El testigo nos recuerda que es preciso intentarlo todo para romper la inercia, para no volver a caer en las trampas que intimidan, ni endosarnos nosotros mismos a la resignación. Se lo debemos a las ocho millones de víctimas; al recuerdo y a los que nunca volvieron. Incluso a esta sociedad terca y ambivalente, que a la paz sí pero no, que a la guerra no pero sí… Se lo debemos a los niños que llegan a este mundo fraccionado por los éxodos.

El domingo en la madrugada, con la sensación de una Colombia herida por sus propios hijos; con las fotografías de los niños guerrilleros, los ataúdes con clavos y claveles, y una novia que en medio del exterminio va al altar envuelta en un gigantesco vestido blanco; así, con la imagen de una mariposa azul entre las balas, empecé a leer con la gratitud de estar viva la primera página de El país que me tocó. Una lección de periodismo, de historia de Colombia, de honestidad intelectual.

Su autor, Enrique Santos Calderón, recorre desde su infancia hasta su “abuelez” este país al que le cuesta demasiado aprender de los errores; una sociedad tan rara que parecería temerle más a la inclusión que a la opresión.

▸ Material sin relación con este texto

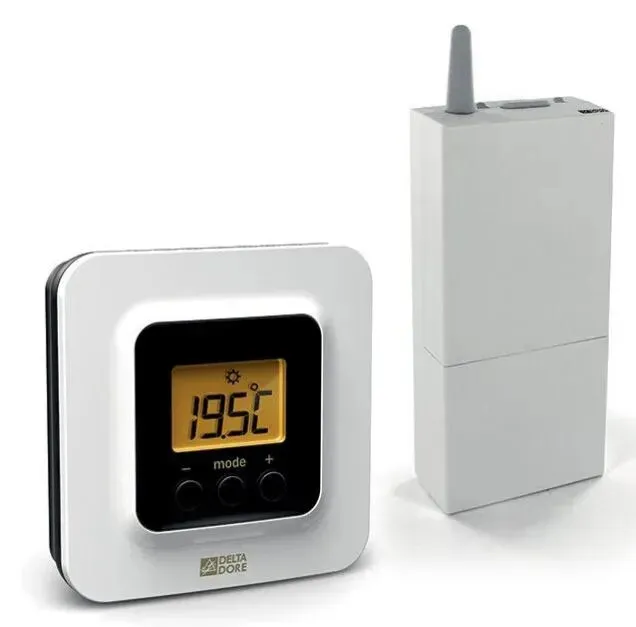 Thermostat d’ambiance radio pour chaudière, PAC ou vannes Tybox 5100 DELTA DORE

Y a medida que sus memorias avanzan, vuelven del pasado —tan vivos y tan muertos como si todo fuera hoy— el espanto de las dictaduras; mayo del 68; Galán, caído en la tarima de Soacha; Guillermo Cano y los regalos de Navidad que no alcanzó a entregar.

Como un eje transversal, la insolencia de la guerra; la decepción del 2 de octubre; el expresidente incomprendido, el innombrable que se negó a comprender y, ahora, el presidente del ojalá.

Sin ataduras ni excepciones, Enrique ha desafiado las reglas y a su propia gente; ha sabido leer, sin odio, los ojos de los adversarios; y con una consigna de independencia, solidaridad y rebeldía, ha trabajado por una Colombia menos absurda, menos fanática, que algún día entienda la lógica de la paz y tenga el valor de perdonar.

Gracias, Enrique, por su vida, por este libro… y por todo.